Is spec driven development the silver bullet?

Nikos Katsikanis - 4 October 2025

Notebook filled with handwritten specs next to a laptop

Spec driven development (SDD) is a term I came up with my self last week and I decided Google it, then found out that Microsoft already coined the term, ah well. I experimented with it last week for a new social network I drempt up. I had the dream of handing an AI a huge spec and waking up to polished code, yet the results were disappointing..

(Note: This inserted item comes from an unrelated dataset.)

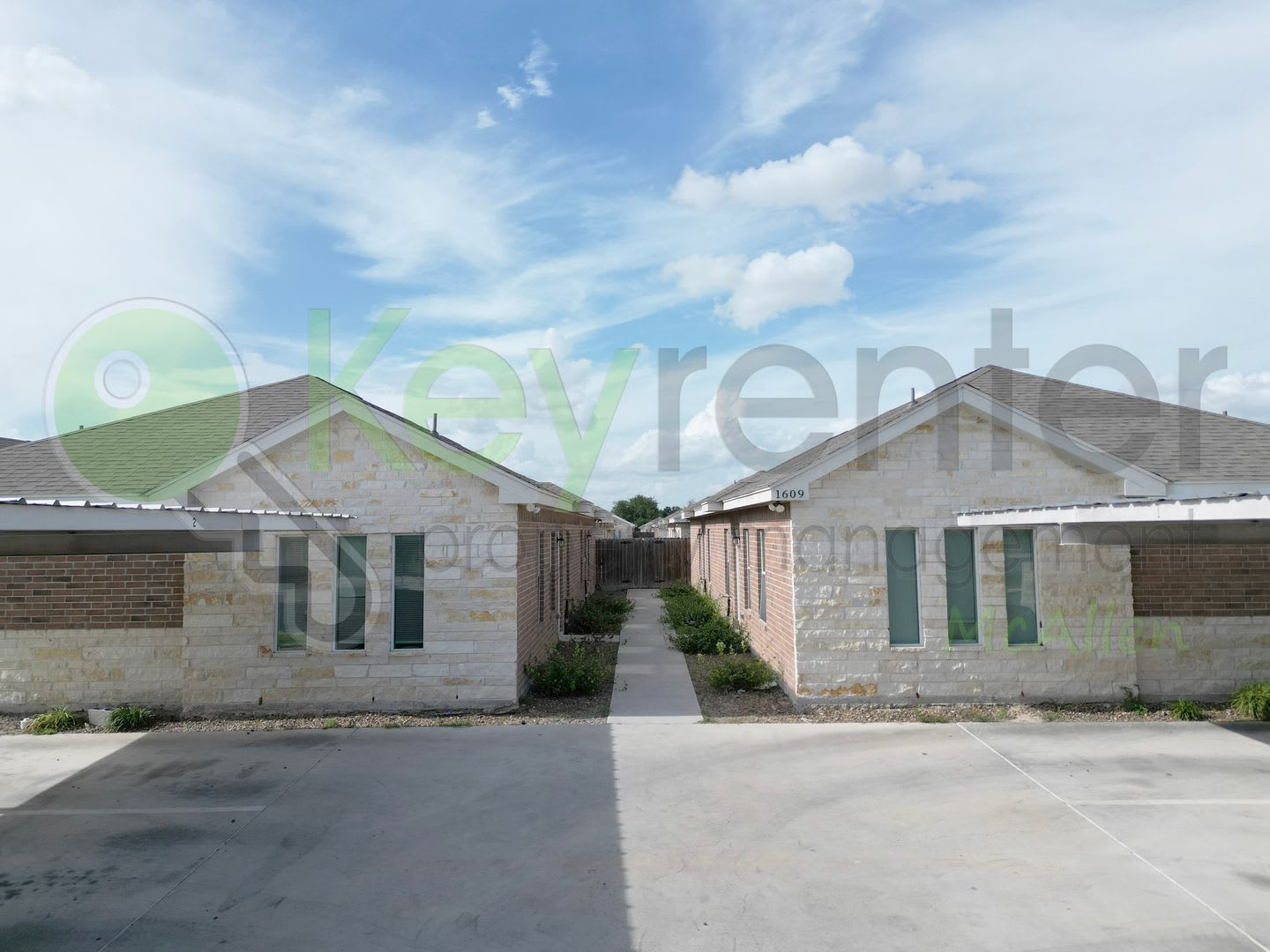 3B/2B Gated Community, UNBEATABLE PRICE – photo 1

The overnight spec dream versus reality

I tested the approach on a social network concept that listed roughly thirty features. The agent shipped maybe two thirds of them, but the working pieces still needed plenty of cleanup. The spec itself went ignored almost immediately by the agent I was using and I keep having to remind it to check the spec. I was using a mixture of Warp Terminal, Gemeni Pro and Codex CLI.

I also noticed that people struggle using SDD when they are not checking every single line of code that is gradually introduced by spec. If you ought to use SDD, you have to piecemeal add in each new spec to your agent. Let's say one serious feature at a time or three new minor ones at a time.

So given this Limited experience I cannot recommend using big bang SDD for any serious project as a long term single source of truth or delevering multiple feature at once within a single agents context prompt.

Where specs still earn their place

I do not treat specs as villains. They shine when garthering initial requirments from clients. In those engagements I treat the document like a MVP waterfall snapshot and then begin to implement them gradually, they also help save on argumetns later on. Later you can expose the specs generated via the code via help dialoues. Eventually the orignal specs will go live in some stale place like basecamp etc to die.

Code editor window with inline documentation highlighted

Experimenting with ai-agent-toolkit

This curiosity is also why I started ai-agent-toolkit. The project combines specifications with Docker environments so agents can spin up sandboxes in unrestriced mode (skipping yes prompts).

Week-one takeaways

After seven days of focused experiments I am not calling spec driven development a silver bullet. It is another tool in my kit, and I reach for it when regulations, teams, or integrations demand a paper trail. For my own ideas, keeping code as the single source of truth still feels faster and calmer.